▶ _EXERCISE DESCRIPTION_: Please retype the listing exactly as it appears, skipping each picture.

▶ _EXERCISE DATA_:
_ _ _ _
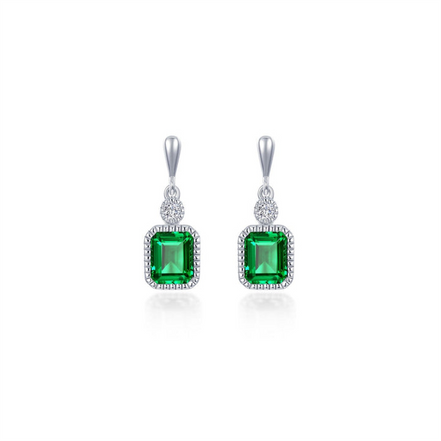 Lafonn 1.82 CTW Simulated Diamond and Emerald May Birthstone Dangle Earrings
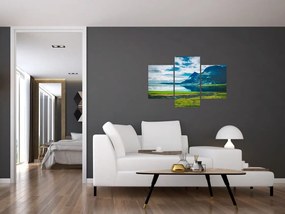 Tablou cu lac și munți (90x60 cm)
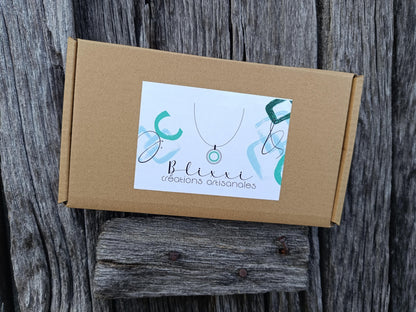Handmade Fused Glass Pendant in Natural Grey Tones with Necklace - Funky Gift for Him or Her, Unique Letterbox Gift,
_ _ _ _
▶ _RESPONSE TO THE EXERCISE_:
 Lafonn 1.82 CTW Simulated Diamond and Emerald May Birthstone Dangle Earrings
 Tablou cu lac și munți (90x60 cm)
Handmade Fused Glass Pendant in Natural Grey Tones with Necklace - Funky Gift for Him or Her, Unique Letterbox Gift,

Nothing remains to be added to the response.